When I worked in hospice, I learned a great deal about living.  I learned that we can enjoy our lives, while living in the shadow of death.  We can live and be apart of this life until we aren’t.  As a priest, I have walked with people who are dying and have found that people of great faith are often healthier in dying than most of us are in living.  Being a person of great faith does not mean we don’t have doubts or questions about what is to come. No, being a person of great faith means living our lives in love.

In the gospel of John, Jesus speaks of the sheep hearing the voice of their shepherd and following their shepherd through the gate.  Different herds might be placed in a pen together at night, then each shepherd would lead their flock out in the morning to a pasture to eat, and to water to drink.  The voice of Christ, our Good Shepherd is the voice of love.  Being a person of great faith doesn’t require us to be free of doubt, to have a profound theology or even great certainty about anything.  Being a person of great faith simply requires us to follow our hearts down the path of love.  Where love leads us there is life and there is comfort and there is God.
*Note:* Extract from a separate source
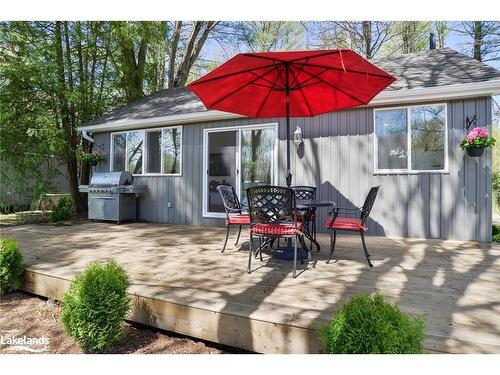 1036 Bagley Road, Gravenhurst, ON - Outdoor With Deck Patio Veranda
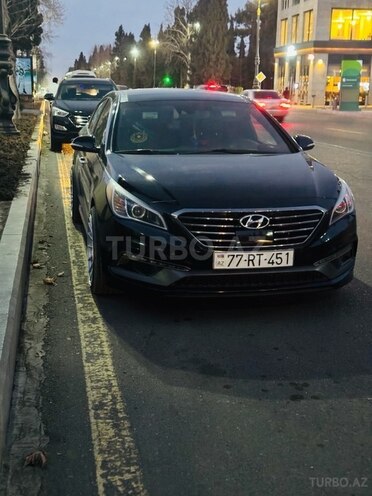Hyundai Sonata 2014, 230,136 km - 2.0 л - Gəncə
As our community, our state, our nation, and our world begin to reopen and return to a more normal life, I pray that we will listen to the voice of our shepherd and follow Christ on the path of love.  May we be patient, so as not to rush ahead too quickly, and may we remember the lessons we have learned this past several weeks.

“We will get through this together,” has been said in reference to the pandemic, but it needs to be said about life in general.  Understanding that we are a part of something bigger than ourselves, is important if we are to experience the life Jesus has promised each of us.  It is a life where we need to acknowledge that we are not in control, but this is okay because we are surrounded by love.  We are enveloped in the love of our shepherd who is here to lead us to green pasture, where there is all that we need. 

We will not only get through this together, the goodness and mercy of the Lord will follow us all the days of our lives.  We will get through this – of that I have no doubt.  The greater question is, will we attempt to go at it alone in fear, or will we trust that love, God’s love, will get us through it?  Too often, we try to take charge of our own fate, but we are never really completely in charge.  Yes, what we do, or do not do, can make a difference and it affects others – so it is important to be responsible.  But finding peace requires us to trust the one who will lead us all, together, through this valley to where we will be feed and comforted by our creator’s undying love and mercy. 

Let us pray.

          Lord we pray for the peace that overcomes fear, the peace we find when listen for your voice and follow you on the path of love.  Help us to remember that we are in this together and that you are in our midst offering your goodness and comfort to all.  We offer our prayers in the name of God the Father, God the Son, and God the Holy Spirit.  Amen.